Les bénéficiaires doivent donc être concernés par l’évènement directement.

2. La seconde condition résulte dans le fait que l’utilisation du bon doit être en lien avec l’évènement pour lequel il est attribué.

Il est impératif que le bon d’achat mentionne soit la nature du bien qu’il permet d’acquérir, soit un ou plusieurs rayons de grand magasin ou le nom d’un ou plusieurs magasins. Il convient de noter qu’il est impossible d’échanger le bon d’achat contre du carburant ou des produits alimentaires excepté si c’est pour des produits de luxe dont le caractère festif est avéré.

Lorsque le bon d’achat est attribué au titre de Noël ce dernier doit permettre l’accès à des biens en rapport avec cet évènement tels que les jouets, livres, les disques…

Une délivrance trop tardive du bon d’achat entrainera automatiquement un assujettissement aux cotisations.

3. Enfin la dernière condition réside dans le fait que le montant doit être conforme aux usages.

Ainsi, la présomption de non assujettissement aux cotisations de la sécurité sociale s’applique lorsque la valeur des bons d’achats/cadeaux n’excède pas un seuil de 5% du plafond mensuel de la Sécurité sociale par évènement et par année civile.

Les bons d’achats sont donc cumulables, par évènement, s’ils respectent le seuil de 5% du plafond mensuel.

Adaptation particulière pour la rentrée scolaire et le Noël des enfants

Néanmoins, 2 évènements qui sont la rentrée scolaire et le Noël des enfants font l’objet d’une adaptation.

• Pour la rentrée scolaire, le seuil est de 5% du plafond mensuel par enfant

• Pour le Noël des enfants, le seuil est de 5% par enfant et 5% par salarié

Lorsque les parents sont tous deux salariés de la même entreprise ils peuvent prétendre aux bons d’achats pour leur(s) enfant(s) tant à Noël que lors de la rentrée scolaire.

A titre d’exemple l’URSSAF mentionne l’octroi de bons d’achat pour le Noël des salariés et le Noël des enfants :

Un CSE souhaite octroyer un bon d’achat de 80 € par salarié et de 110 € par enfant.
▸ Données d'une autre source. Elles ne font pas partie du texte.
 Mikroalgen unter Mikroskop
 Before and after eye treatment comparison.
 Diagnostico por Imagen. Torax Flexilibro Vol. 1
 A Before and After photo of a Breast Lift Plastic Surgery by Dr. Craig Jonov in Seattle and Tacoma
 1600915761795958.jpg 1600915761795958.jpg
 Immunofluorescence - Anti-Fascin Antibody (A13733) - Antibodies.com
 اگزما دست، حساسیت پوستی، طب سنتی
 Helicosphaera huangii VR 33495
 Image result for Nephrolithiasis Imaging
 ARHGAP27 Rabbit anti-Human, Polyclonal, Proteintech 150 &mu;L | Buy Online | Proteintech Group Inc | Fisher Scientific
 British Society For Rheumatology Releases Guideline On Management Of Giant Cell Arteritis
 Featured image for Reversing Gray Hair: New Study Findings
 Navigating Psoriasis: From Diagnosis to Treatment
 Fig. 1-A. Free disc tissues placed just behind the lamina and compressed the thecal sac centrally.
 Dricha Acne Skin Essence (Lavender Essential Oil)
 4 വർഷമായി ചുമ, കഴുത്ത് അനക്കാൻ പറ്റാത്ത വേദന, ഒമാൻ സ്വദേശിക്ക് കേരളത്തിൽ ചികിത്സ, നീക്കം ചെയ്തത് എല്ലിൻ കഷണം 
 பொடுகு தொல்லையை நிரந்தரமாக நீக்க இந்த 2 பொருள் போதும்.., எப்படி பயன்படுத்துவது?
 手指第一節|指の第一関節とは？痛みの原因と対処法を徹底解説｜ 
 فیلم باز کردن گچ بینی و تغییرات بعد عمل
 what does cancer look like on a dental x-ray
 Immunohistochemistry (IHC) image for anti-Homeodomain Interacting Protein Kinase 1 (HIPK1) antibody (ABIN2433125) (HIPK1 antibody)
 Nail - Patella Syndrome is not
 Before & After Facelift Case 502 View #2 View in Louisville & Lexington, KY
Deux salariés de l’entreprise ont un enfant commun :

Il est admis que le CSE octroie à chacun des salariés un bon d’achat pour le Noël des salariés (soit au total 160 € pour les deux salariés), mais également à chacun d’eux un bon d’achat pour le Noël des enfants (soit au total 220 € pour leur enfant).

A l’instar des bons de rentrée scolaire, c’est bien le montant de chaque bon servi à chaque salarié pour son enfant, soit 110 € (et non le montant cumulé pour les deux conjoints salariés de la même entreprise – 220 €), qui est apprécié au regard du seuil de 5 % du plafond mensuel.

Si ces 3 conditions cumulatives ne sont pas remplies le bon d’achat est soumis aux cotisations de sécurité sociale pour son montant global, c’est-à-dire dès le premier euro.

Exemple :

       • 1ère étape 

Le montant des bons d’achats excède-t-il sur l’année le seuil de 5% du plafond mensuel ?

Il convient d’additionnez le montant total des bons d’achat alloués durant l’année civile et de le comparer avec le seuil de 5% du plafond mensuel. 50 + 80 + 90 = 220 €.

Ce montant dépassant le seuil alors il convient de procéder à la seconde étape.

       • 2nd étape 

Il convient d’apprécier si les conditions d’exonération sont réunies pour chaque attribution de bons d’achat. Bon de 50 € attribué pour le mariage :

  • L’événement figure sur la liste des événements autorisés, le salarié est concerné par cet événement,
  • L’utilisation est déterminée : sur le bon d’achat utilisable dans certaines enseignes de la grande distribution, il est mentionné qu’il peut être utilisé dans tous les rayons du magasin à l’exception du rayon alimentaire et du carburant,
  • Le montant du bon d’achat n’excède pas 5 % du plafond mensuel, sa valeur est donc conforme aux usages.

Les trois conditions sont respectées, le bon d’achat alloué au salarié pour le mariage est exonéré du paiement des cotisations et contributions de Sécurité sociale.